Firefighting is an inherently dangerous and potentially fatal activity. Even the most experienced firefighters can be affected by stress and anxiety during a fire, leading to disorientation and the corresponding impairment of situational awareness. Furthermore, these stressors are only exacerbated by the smoke, high temperatures, and low visibility at the scene, further compromising a firefighter’s ability to effectively respond to the situation. Situational awareness, or the real-time knowledge of continuously changing conditions at the scene, is essential to accurate decision-making and the ability of a firefighter to maintain situational awareness in these conditions is likewise critical. The firefighter’s life and the lives of those needing rescue are reliant on the firefighter’s ability to make accurate decisions during scene navigation, and recent advancements in deep learning [1], data processing, and embedded systems technologies now offer a new way to assist and improve this decision-making process.

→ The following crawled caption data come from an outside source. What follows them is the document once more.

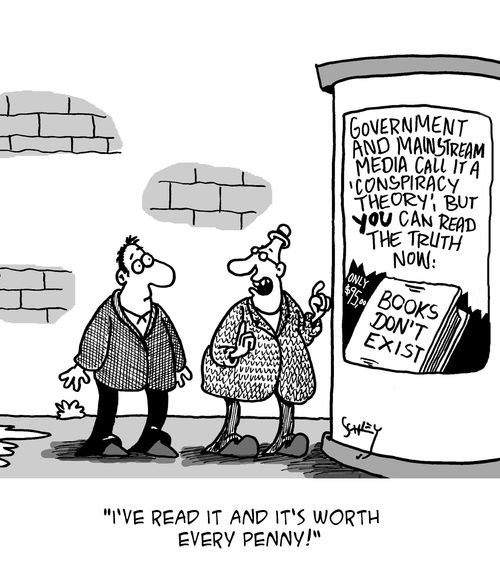 "I've read it and it's worth every penny!"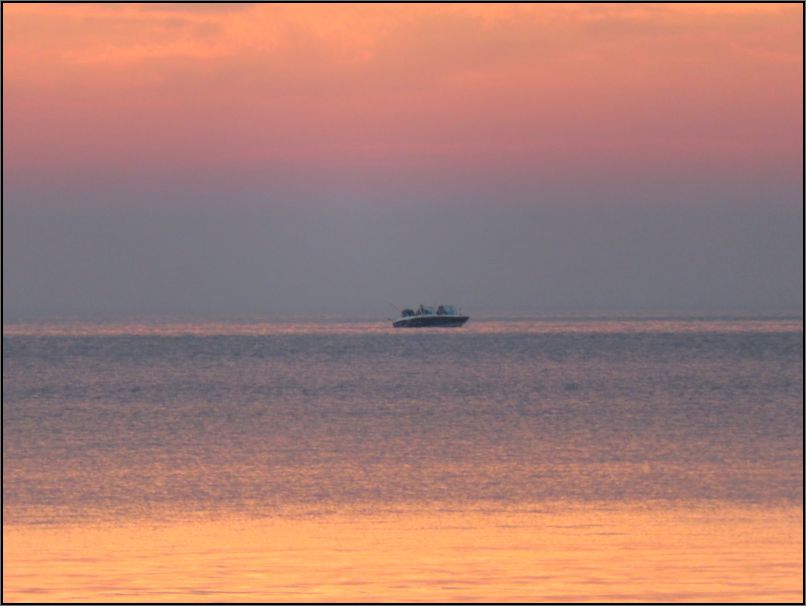 Fishing in Providence Bay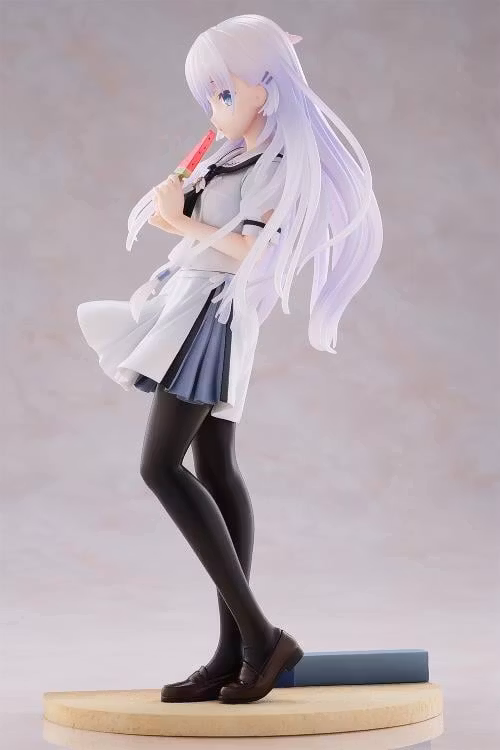 Summer Pockets Reflection Blue Shiroha Naruse 1/7 Scale Figure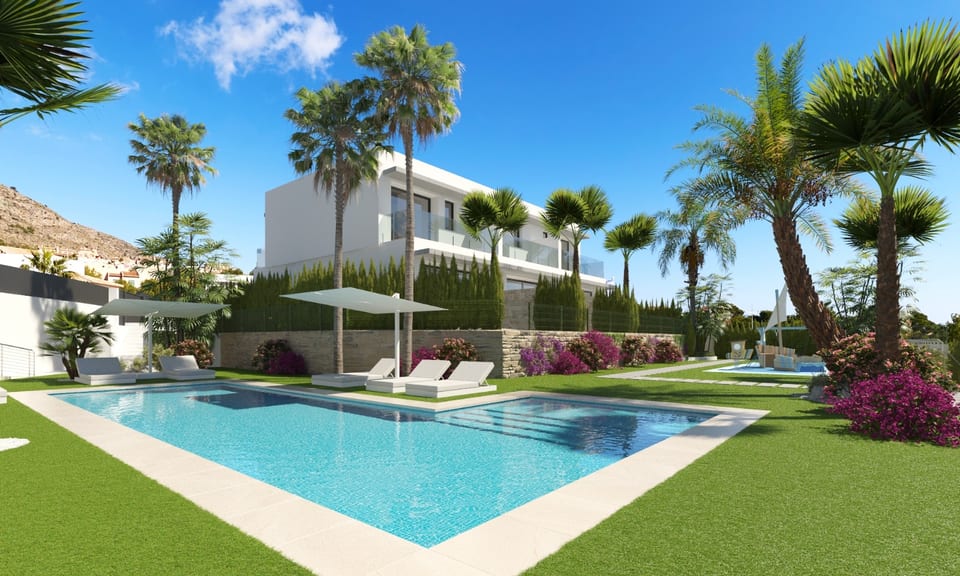 Brand New Development in Sierra Cortina (6/14)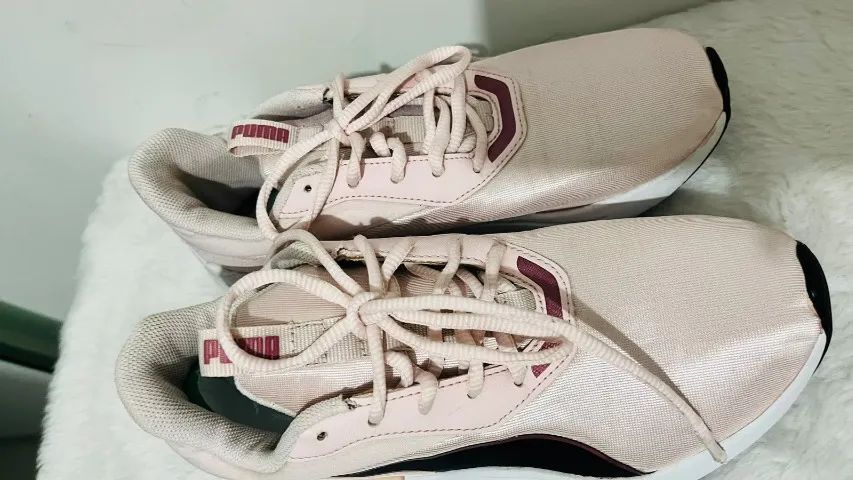 Tenis Puma feminino 35 - Foto 2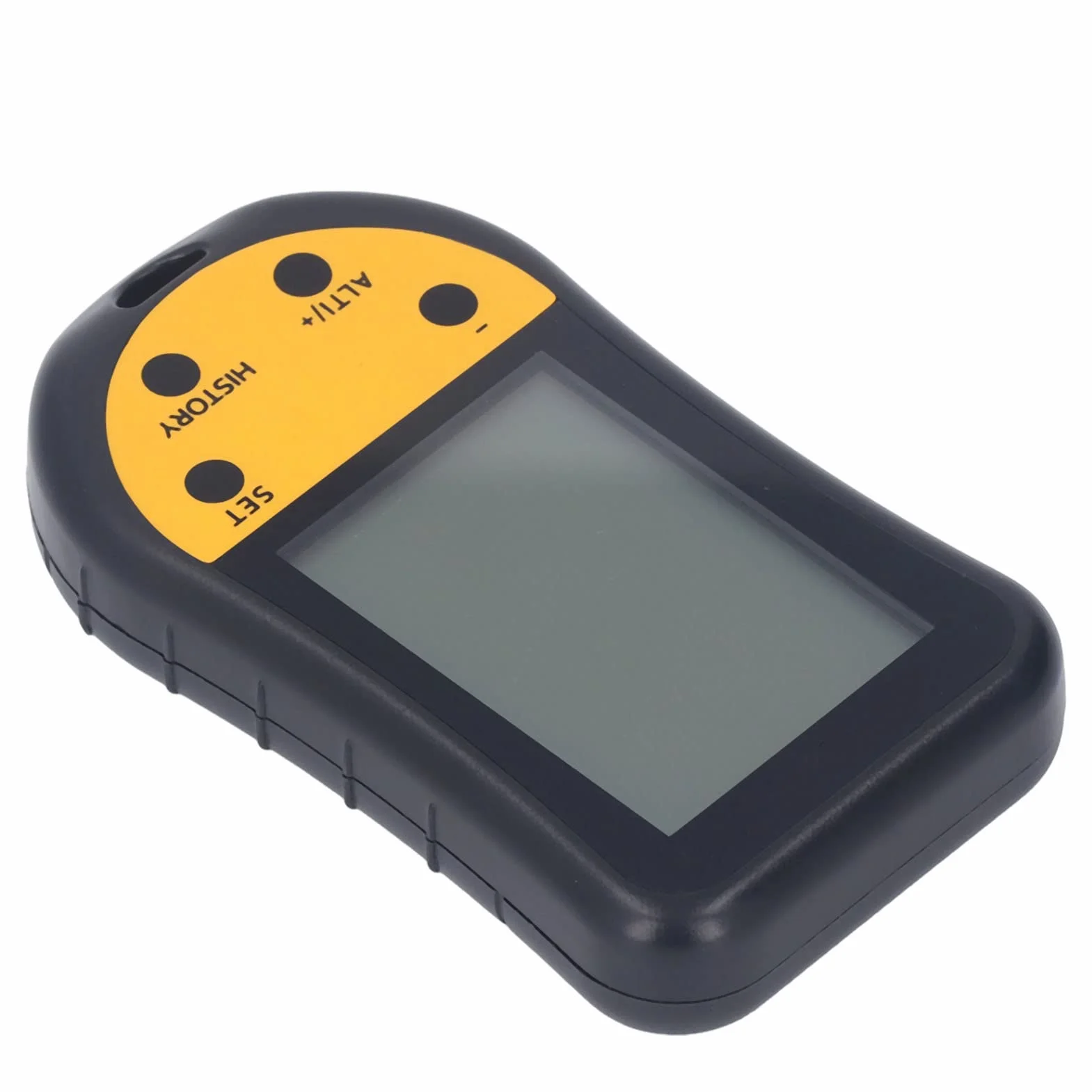 Altimètre Numérique Multifonction avec écran LCD rétroéclairé, Boussole, Baromètre, Thermomètre pour Randonnée Escalade Camping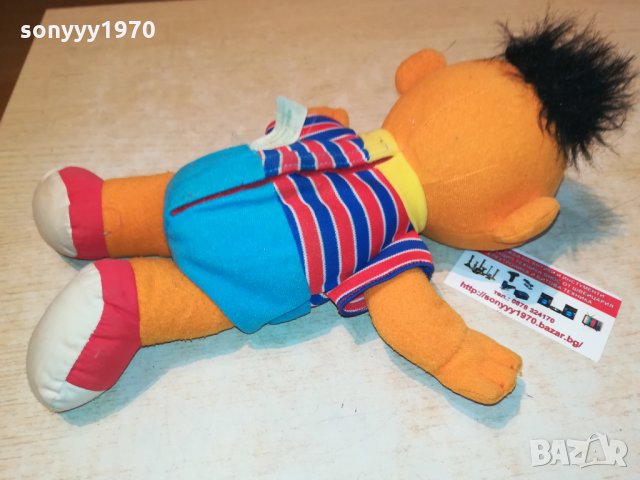 ernie-tyco-внос germany 32х23х10см 0109211229, снимка 9 - Колекции - 33990557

Indeed, such technologies are already being implemented in firefighting applications. Just within the last decade, these applications have grown to include the use of wireless sensor networks (WSN) for early fire detection and response [2], virtual reality platforms for firefighter training [3, 4, 5], and autonomous or semi-autonomous firefighting robots [6, 7, 8]. But fighting fires poses many challenges to the firefighters themselves that are not adequately addressed by these solutions. Continuously changing life threatening situations can engender severe stress and anxiety, and induce disorientation that can lead to inaccurate decision making and decreased situational awareness. Recent research [9] has demonstrated a discrepancy between the information available during fire emergencies and the information required for critical situational awareness, as well as the importance of information accuracy to error-free decision making.

In fact, inaccurate judgment calls are consistently among the top causes of firefighter fireground injuries each year, and firefighter personal protective equipment (PPE), contrary to its purpose, is often a contributing factor [10]. Although firefighter PPE is designed to protect the wearer during extreme fire conditions, it is not without its drawbacks, including reduced visibility and range of motion [10, 11]. These drawbacks have led to the integration of various sensors, such as infrared cameras, gas sensors, and microphones, into firefighter PPE to assist and monitor firefighters remotely [11]. The data acquired by these sensors can also be leveraged for an additional purpose: to provide firefighters with object recognition and tracking and 3D scene reconstruction in real-time, creating a next generation smart and connected firefighting system.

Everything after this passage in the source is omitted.